In the last section, we learned about Taylor Series, where we found an approximating polynomial for a particular function in the region near some value x = a.

We now take a particular case of Taylor Series, in the region near `x = 0`. Such a polynomial is called the Maclaurin Series.

The infinite series expansion for `f(x)` about `x = 0` becomes:

`f(x)~~f(0)+f’(0)x` `+(f’’(0))/(2!)x^2` `+(f’’’(0))/(3!)x^3` `+(f^("iv")(0))/(4!)x^4` `+...`

`f’(0)` is the first derivative evaluated at `x = 0`, `f’’(0)` is the second derivative evaluated at `x = 0`, and so on.

[Note: Some textbooks call the series on this page "Taylor Series" (which they are, too), or "series expansion" or "power series".]

Example 1: Expanding sin x

Find the Maclaurin Series expansion for `f(x) = sin x`.

Answer

We need to find the first, second, third, etc derivatives and evaluate them at x = 0. Starting with:

f(x) = sin x

f(0) = 0

First dervative:

f '(x) = cos x

f '(0) = cos 0 = 1

Second dervative:

f ''(x) = −sin x

f ''(0) = −sin 0 = 0

Third dervative:

f '''(x) = −cos x

f '''(0) = −cos 0 = −1

Fourth dervative:

f iv(x) = sin x

f iv(0) = sin 0 = 0

We observe that this pattern will continue forever.

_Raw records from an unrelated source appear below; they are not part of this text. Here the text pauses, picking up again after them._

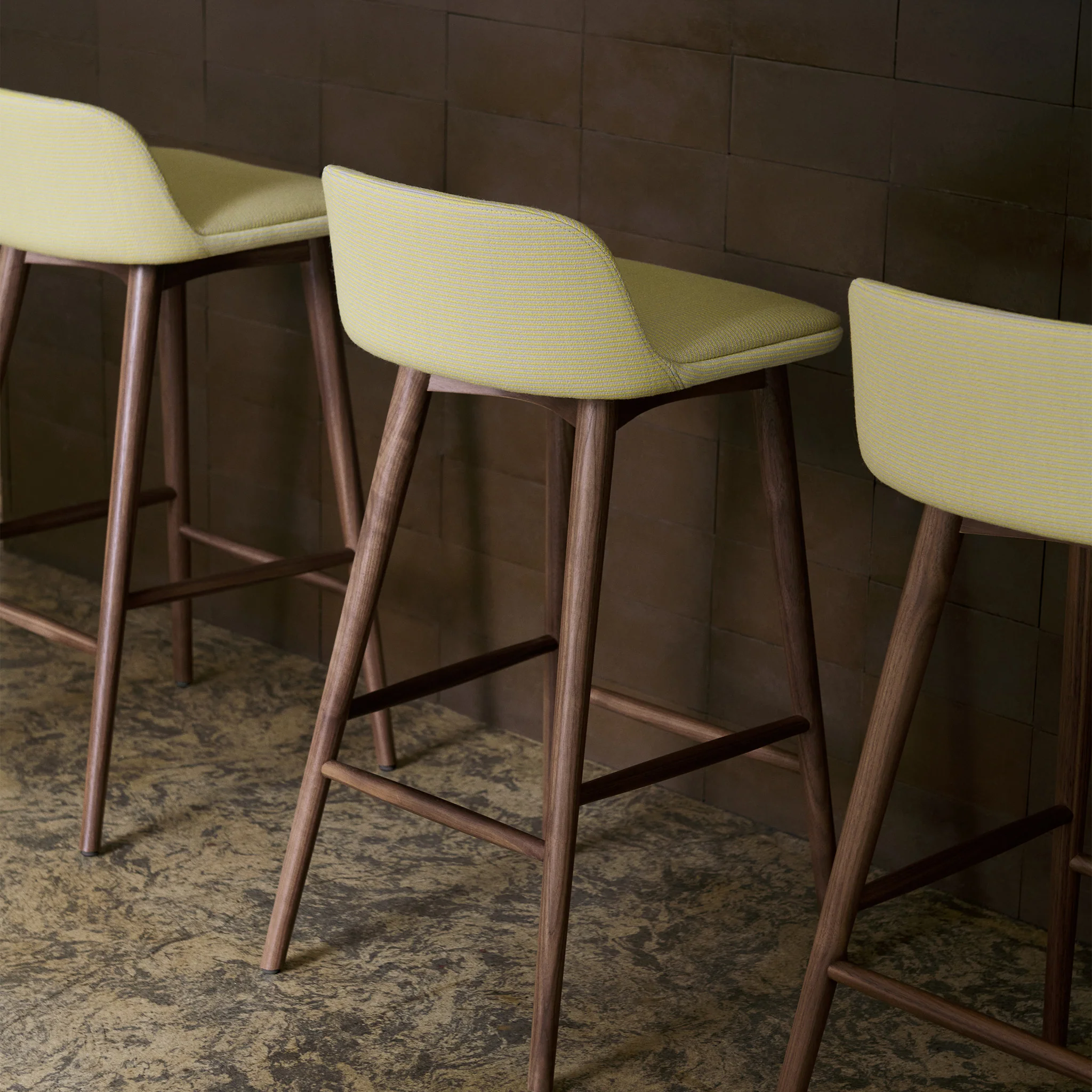 Rely HW121 Upholstered Counter Stool By &Tradition - Image 5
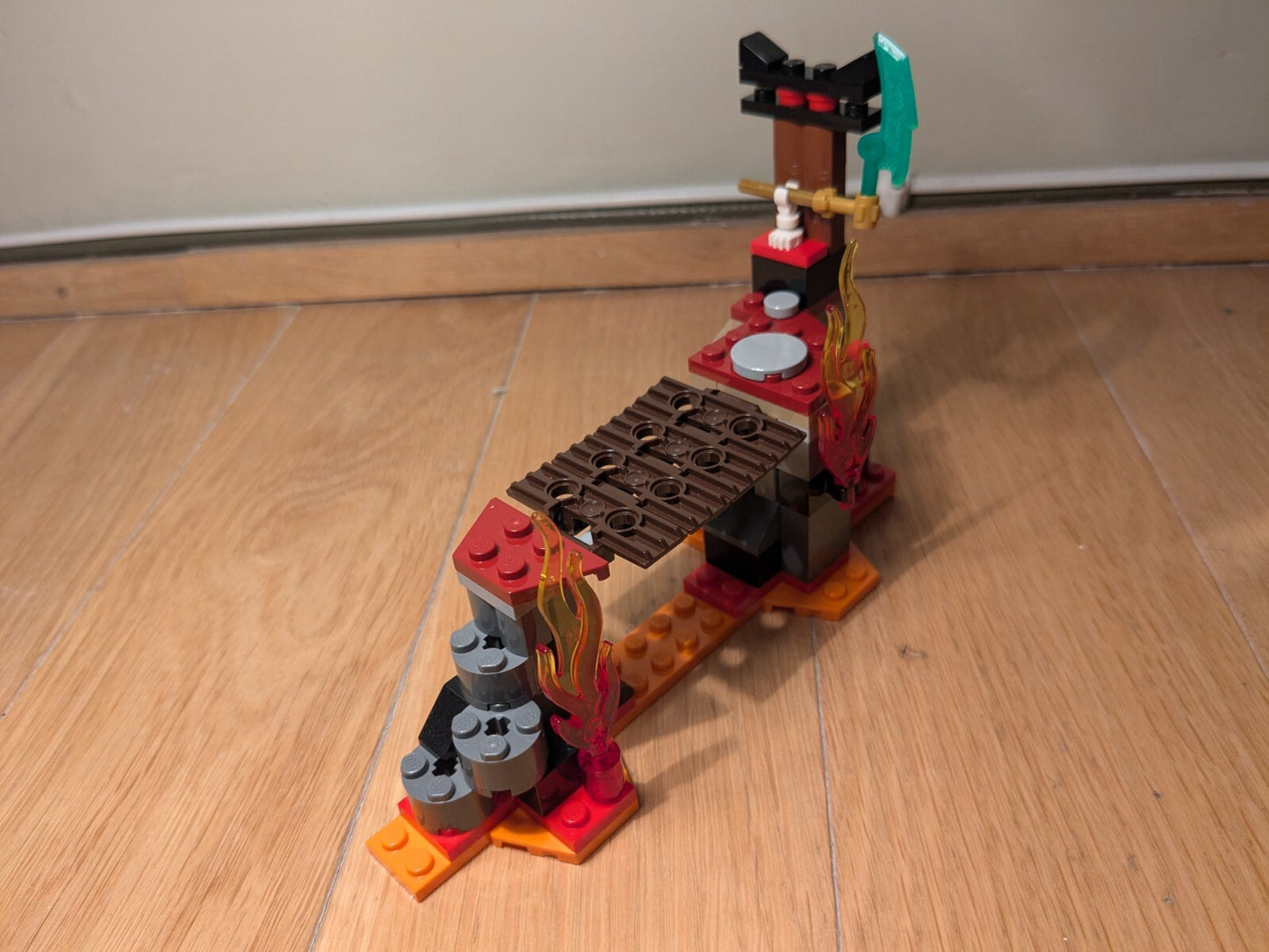 LEGO Ninjago: Lava Falls (70753) - Complete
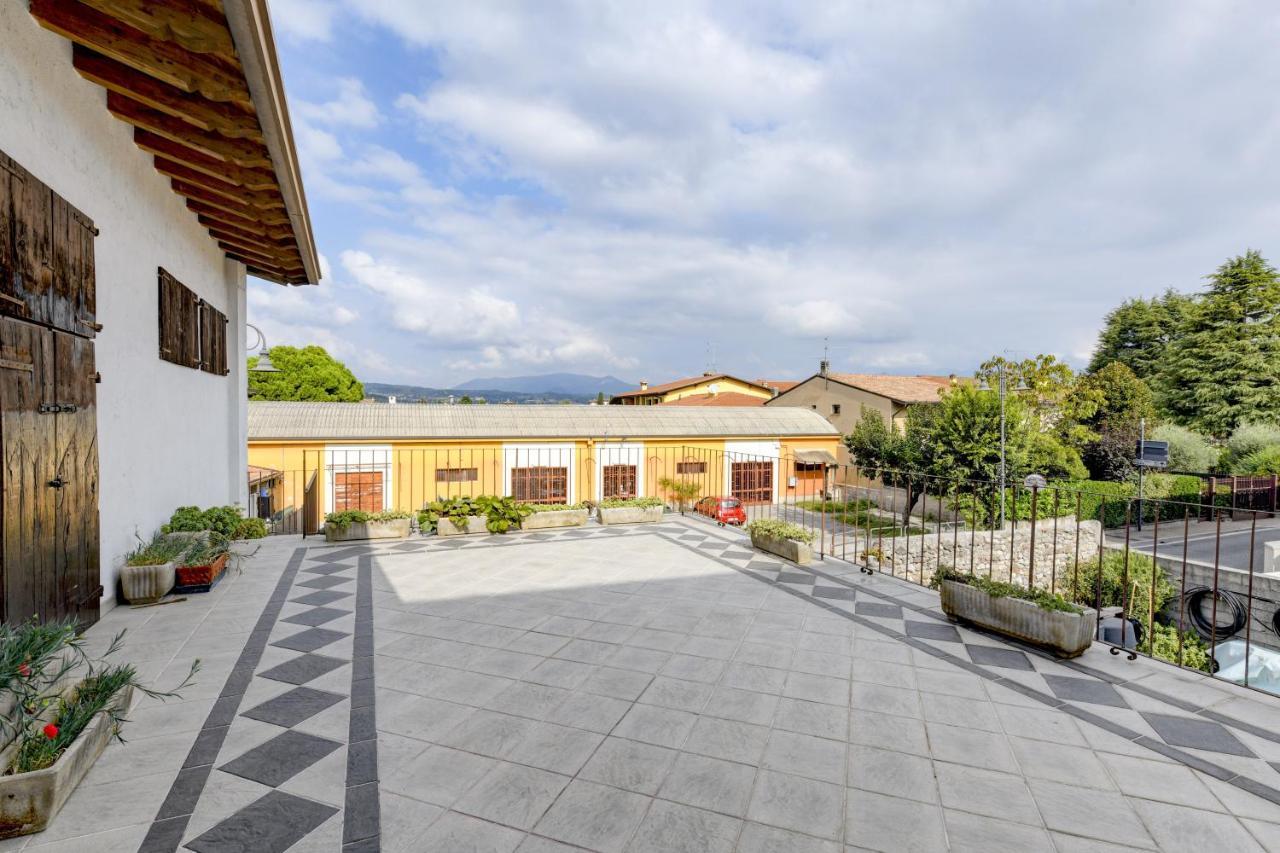 Appartamento In Piazza Moniga del Garda Exterior photo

Now to substitute the values of these derivatives into the Maclaurin Series:

`f(x)` `~~f(0)+f’(0)x` `+(f’’(0))/(2!)x^2` `+(f’’’(0))/(3!)x^3` `+(f^("iv")(0))/(4!)x^4+...`

We have:

`sin\ x=0+(1)(x)` `+0` `+(-1)/(3!)x^3` `+0` `+1/(5!)x^5` `+0` `+(-1)/(7!)x^7+...`

This gives us:

`sin\ x=x-1/6x^3+1/120x^5` `-1/5040x^7+...`

We plot our answer

`f(x)=x-1/6x^3` `+1/120x^5` `-1/5040x^7+...`

to see if the polynomial is a good approximation to `f(x) = sin x`.

Graph of the approximating Maclaurin Series polynomial, and the original `f(x)=sin(x)`.

We observe that our polynomial (in grey) is a good approximation to `f(x) = sin x` (in green) near `x = 0`. In fact, it is quite good between -π ≤ x ≤ π.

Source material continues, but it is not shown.